Repeat every line from the line containing "2pcs/Lot Power On/Off" to the end of the data, exactly. Leave the pictures out.

- _SOURCE RECORDS_:
========================================

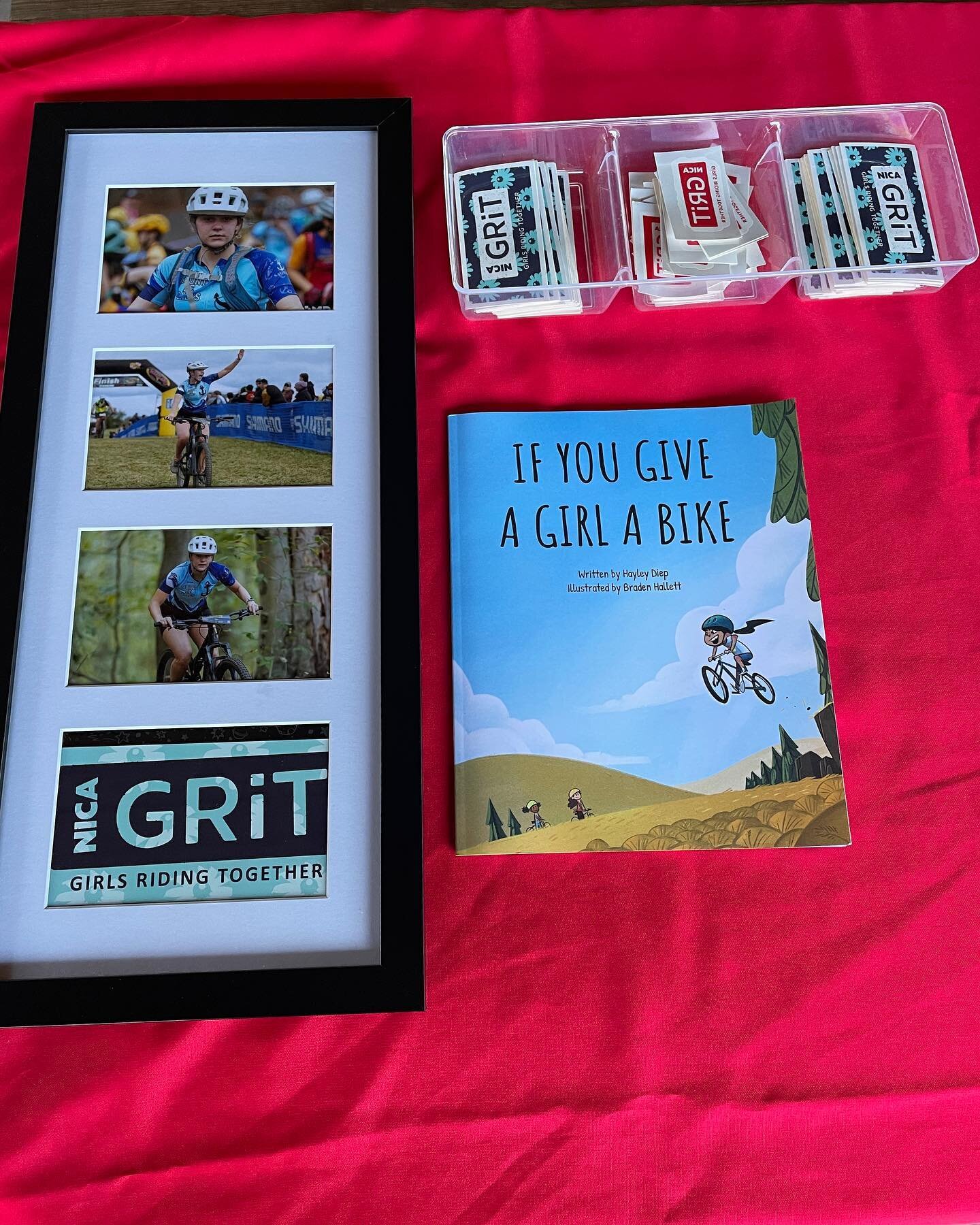 Celebrating Senior Ambassador Caroline ( @_carolinehuber ) today!  Thank you for your many years working behind the scenes to make GRiT an awesome program!  We wish you the best of luck and many more happy trails!  #micl #miclgrit #marylandmtb #moreg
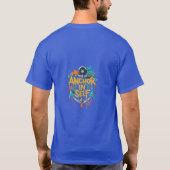 いかり Tシャツ (裏面)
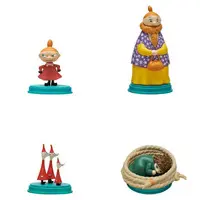 Trading Figure - MOOMIN / Little My & Mymble & Mrs Fillyjonk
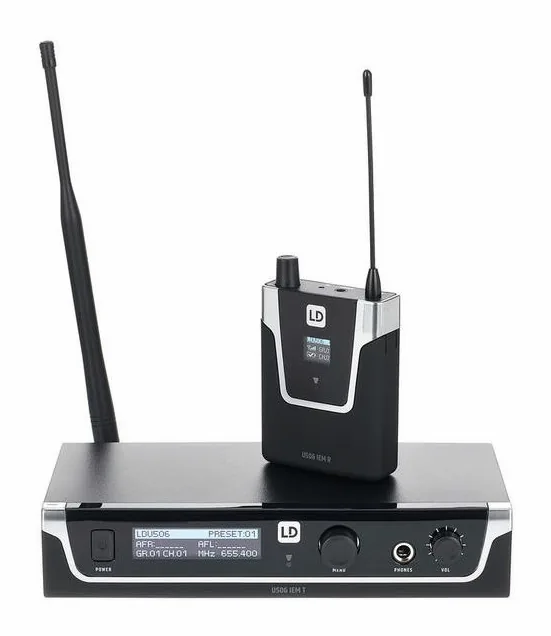 LD Systems U506 IEM, émetteur, photo 2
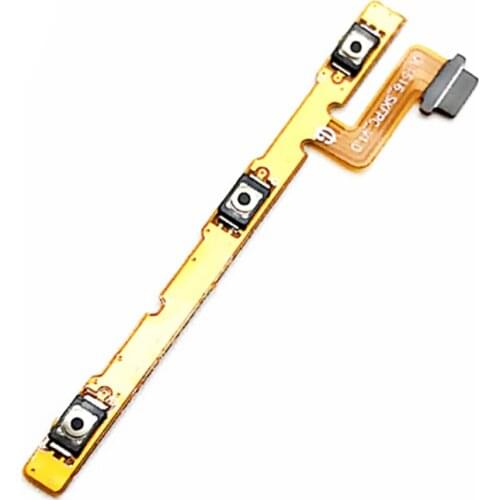 2pcs/Lot Power On/Off Volume Buttons Flex Cable For ASUS Zenfone 4 MAX Pro ZC554KL Side Button Replacement Parts
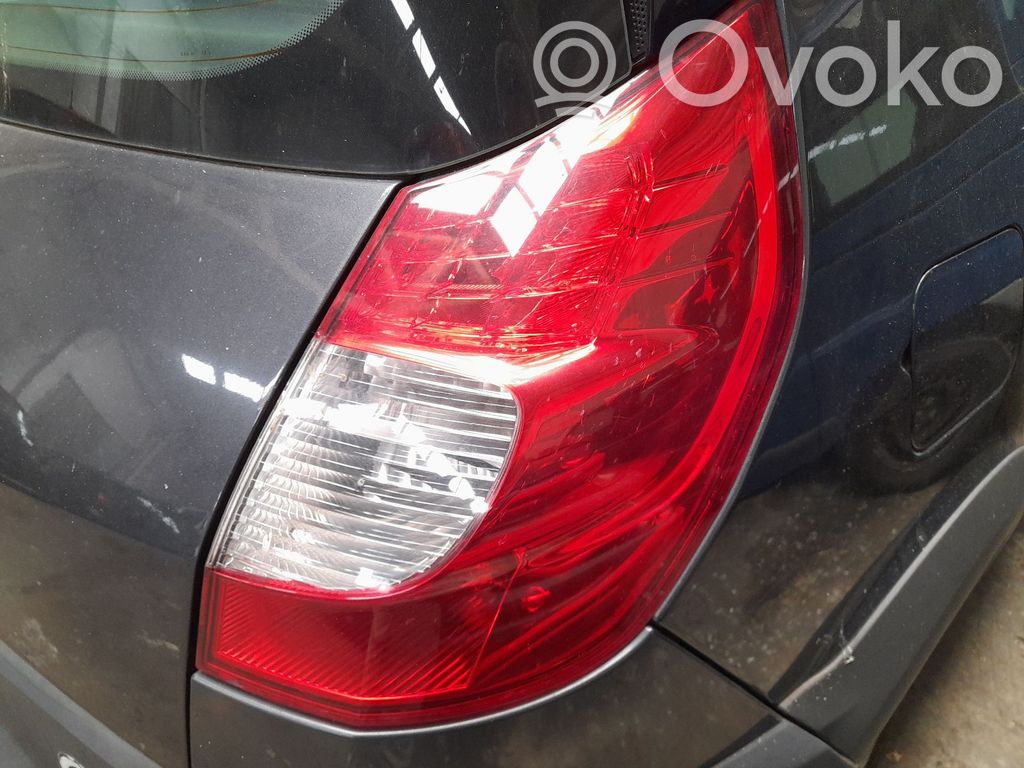 Renault Scenic RX Feux arrière / postérieurs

========================================

- _RESPONSE BOX_:
 2pcs/Lot Power On/Off Volume Buttons Flex Cable For ASUS Zenfone 4 MAX Pro ZC554KL Side Button Replacement Parts
 Renault Scenic RX Feux arrière / postérieurs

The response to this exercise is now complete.